Libano, dopo le dimissioni di Hariri in arrivo una tempesta che può diventare regionale

“IL MIO sesto senso mi dice che alcuni mi vogliono morto. C’è un clima molto simile a quello che precedette l’assassinio di mio padre il 14 febbraio 2005. Non permetteremo che il Libano diventi l’innesco dell’insicurezza regionale. Le mani dell’Iran dagli affari del mondo arabo verranno recise». Con queste parole, che sono una sfida politica più che una dimostrazione di paura e debolezza, il premier del Libano Saad Hariri ha annunciato le sue dimissioni. Quegli “alcuni” che lo vorrebbero morto come il padre Rafiq, anche lui primo ministro, sono chiaramente l’Iran e Hezbollah, il partito sciita libanese con cui fino ad oggi Hariri sedeva nello stesso governo.
Il messaggio con cui Hariri annuncia le dimissioni è arrivato da Riad, affidato a una televisione saudita. Riad è il grande protettore di Hariri e dei sunniti libanesi. Le dimissioni di Hariri sono lo squillo di tromba, il segnale di inizio del nuovo scontro che sta per partire in Libano. Uno scontro che sarà la prima estensione della contesa Iran-Arabia Saudita dopo i sei anni della guerra civile in Siria.

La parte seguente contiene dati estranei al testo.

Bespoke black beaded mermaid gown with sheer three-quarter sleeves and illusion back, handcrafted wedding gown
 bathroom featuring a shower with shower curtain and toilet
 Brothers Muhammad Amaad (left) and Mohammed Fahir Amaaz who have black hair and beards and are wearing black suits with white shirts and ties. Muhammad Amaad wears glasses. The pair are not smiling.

Hariri ha parlato di un tentativo di assassinarlo e media vicini all’Arabia Saudita precisano che un progetto del genere è stato sventato a Beirut nei giorni scorsi; Hariri non accusa direttamente Iran e gli Hezbollah di aver provato ad ucciderlo, ma di essere dietro l’ondata di destabilizzazione che sta attraversando tutto il mondo arabo a partire dalla regione del Golfo.
Soltanto un anno fa Hariri era stato designato alla guida di un governo all’interno del quale sono presenti tutte le fazioni libanesi: il Sistema costituzionale settario libanese prevede che il presidente sia un Cristiano, e infatti a quell’incarico è stato eletto il genarle Michel Aoun, un ex generale che però è alleato degli Hezbollah. Il presidente del parlamento è uno sciita e il capo del governo un sunnita. Questo ha portato Hariri e presiedere un governo all’interno del quale siedono 4 ministri di Hezbollah, il gruppo a cui appartengono 5 responsabili militari messi sotto inchiesta dal Tribunale Onu creato per giudicare il caso.

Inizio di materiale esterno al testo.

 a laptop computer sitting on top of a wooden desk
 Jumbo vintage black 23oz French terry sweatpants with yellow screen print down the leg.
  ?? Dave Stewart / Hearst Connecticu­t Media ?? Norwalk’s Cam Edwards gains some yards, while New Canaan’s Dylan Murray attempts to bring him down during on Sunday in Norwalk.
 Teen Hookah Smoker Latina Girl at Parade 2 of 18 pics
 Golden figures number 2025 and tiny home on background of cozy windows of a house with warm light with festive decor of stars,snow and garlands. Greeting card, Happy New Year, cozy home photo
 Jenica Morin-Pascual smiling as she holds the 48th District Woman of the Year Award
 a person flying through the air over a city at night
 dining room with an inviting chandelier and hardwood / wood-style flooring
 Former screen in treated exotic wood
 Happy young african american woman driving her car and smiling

Nel suo messaggio in tv Hariri dice che “Iran e gli Hezbollah hanno riportato l’Iran al centro della tempesta, e l’Iran semina destabilizzazione ovunque intervenga”

Un particolare che lascia pensare è il fatto che Saad Hariri è volato a Riad venerdì scorso il giorno dopo aver incontrato a Beirut Ali Akbar Velayati, l’ex ministro degli Esteri iraniano che adesso è consigliere di politica estera della guida suprema Ali Khamenei. Non è chiaro quale sia stato il messaggio che Velayati aveva passato ad Hariri, e non è chiaro cosa abbia portato il premier a condividere con la dirigenza saudita la decisione di dimettersi. Domenica gli risponderà con un discorso in tv il leader di Hezbollah, Hassan Nasrallah.
Gli iraniani hanno risposto immediatamente, e con rabbia, all’annuncio delle dimissioni: “Le dimissioni sono state decise dai sauditi per creare tensioni in Libano e nella regione”, ha detto Hussein Sheikh al-Islam, un consigliere della guida suprema: “Sono state pianificate con Donald Trump e con Mohammed bin Salman, il principe ereditario dell’Arabia Saudita”.
In tutto questo il commento più amaro è quello dell’ormai anziano leader druso Walid Jumblatt: “Il Libano è un posto troppo debole e troppo piccolo per sopportare le conseguenze di questo scontro”, facendo capire che anche lui considera quelle dimissioni il primo passo verso una nuova tempesta nella vita del piccolo Libano.